Le groupe NGE dispose de son propre CFA qui accueille près de 5 500 stagiaires par an, parmi lesquels, des jeunes du Service militaire volontaire, en formation initiale et continue, du CAP au diplôme d’ingénieur — Photo : NGE

Six entreprises tertiaires sur dix et deux industriels sur trois rencontrent des difficultés de recrutement. Ces données issues de la dernière enquête trimestrielle de l’Insee n’avaient jamais atteint de tels niveaux depuis 2000 dans les services et 1991 dans l’industrie. Et ce n’est pas la bonne santé actuelle de l’emploi qui va rassurer les recruteurs : le pic historique des embauches au deuxième trimestre 2022 (656 950 en Paca), ajouté à la baisse du réservoir des demandeurs d’emploi (-9,1 % en un an en Paca), ne fait qu’exacerber la concurrence entre entreprises. Une tendance confirmée par la dernière note de conjoncture de la Banque de France, puisque 57 % des chefs d’entreprise interrogés disent rencontrer des difficultés de recrutement. Ces difficultés concernent même 82 % des entreprises en quête de cadres au cours du deuxième trimestre 2022, selon une enquête de l’Apec. C’est 13 points de plus qu’au début de l’année, 30 points de plus qu’en 2020.

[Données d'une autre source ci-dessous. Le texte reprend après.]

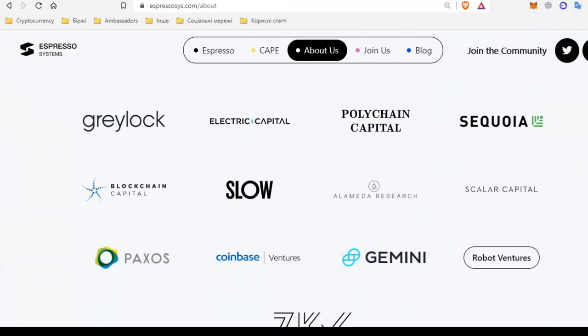Investors include Greylock, Electric Capital, Polychain Capital, Sequoia, Blockchain Capital, Alameda Research, Scalar Capital, Paxos, Coinbase, Gemini, Robot Ventures, ZKW and Terra. These are tier 1 and tier 2 investors. Now you understand what cool investors support and believe in this project.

La guerre des talents ravivée

Aujourd’hui, "chaque embauche est une victoire", atteste Emmanuelle Flanderinck, responsable RH au sein du groupe d’ingénierie et de maintenance John Cockerill Services, qui emploie 350 personnes en région Paca et 6 000 dans le monde. "Le rapport de force s’est rééquilibré et aujourd’hui, l’entreprise doit se vendre auprès de candidats", constate Thomas Sentis, cofondateur du cabinet de recrutement Le Mouton à Cinq Pattes (LM5P), présent à Marseille, Avignon et Rennes. "Cette situation inédite sur le front de l’emploi", selon les mots de la CPME, repose sur des facteurs bien connus, "à commencer par l’absence pure et simple de candidats (déplorée par 74 % des patrons concernés) et le manque de compétences (par 47 %)."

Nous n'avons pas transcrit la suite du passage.